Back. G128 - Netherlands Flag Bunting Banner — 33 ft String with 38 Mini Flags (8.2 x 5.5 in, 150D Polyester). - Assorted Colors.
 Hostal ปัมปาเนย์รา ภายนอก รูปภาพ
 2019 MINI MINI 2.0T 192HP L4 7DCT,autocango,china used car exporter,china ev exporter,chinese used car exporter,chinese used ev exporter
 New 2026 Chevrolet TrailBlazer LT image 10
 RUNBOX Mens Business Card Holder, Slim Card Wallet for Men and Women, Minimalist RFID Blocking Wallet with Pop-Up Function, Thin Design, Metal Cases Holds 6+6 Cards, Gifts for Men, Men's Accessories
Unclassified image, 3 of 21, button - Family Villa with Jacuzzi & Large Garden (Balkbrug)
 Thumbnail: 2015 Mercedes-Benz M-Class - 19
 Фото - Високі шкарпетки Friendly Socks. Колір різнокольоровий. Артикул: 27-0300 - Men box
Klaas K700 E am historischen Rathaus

---*---

* TASK PROMPT: Each line above is to be repeated exactly.

* RESPONSE TO THE TASK:
Back. G128 - Netherlands Flag Bunting Banner — 33 ft String with 38 Mini Flags (8.2 x 5.5 in, 150D Polyester). - Assorted Colors.
 Hostal ปัมปาเนย์รา ภายนอก รูปภาพ
 2019 MINI MINI 2.0T 192HP L4 7DCT,autocango,china used car exporter,china ev exporter,chinese used car exporter,chinese used ev exporter
 New 2026 Chevrolet TrailBlazer LT image 10
 RUNBOX Mens Business Card Holder, Slim Card Wallet for Men and Women, Minimalist RFID Blocking Wallet with Pop-Up Function, Thin Design, Metal Cases Holds 6+6 Cards, Gifts for Men, Men's Accessories
Unclassified image, 3 of 21, button - Family Villa with Jacuzzi & Large Garden (Balkbrug)
 Thumbnail: 2015 Mercedes-Benz M-Class - 19
 Фото - Високі шкарпетки Friendly Socks. Колір різнокольоровий. Артикул: 27-0300 - Men box
Klaas K700 E am historischen Rathaus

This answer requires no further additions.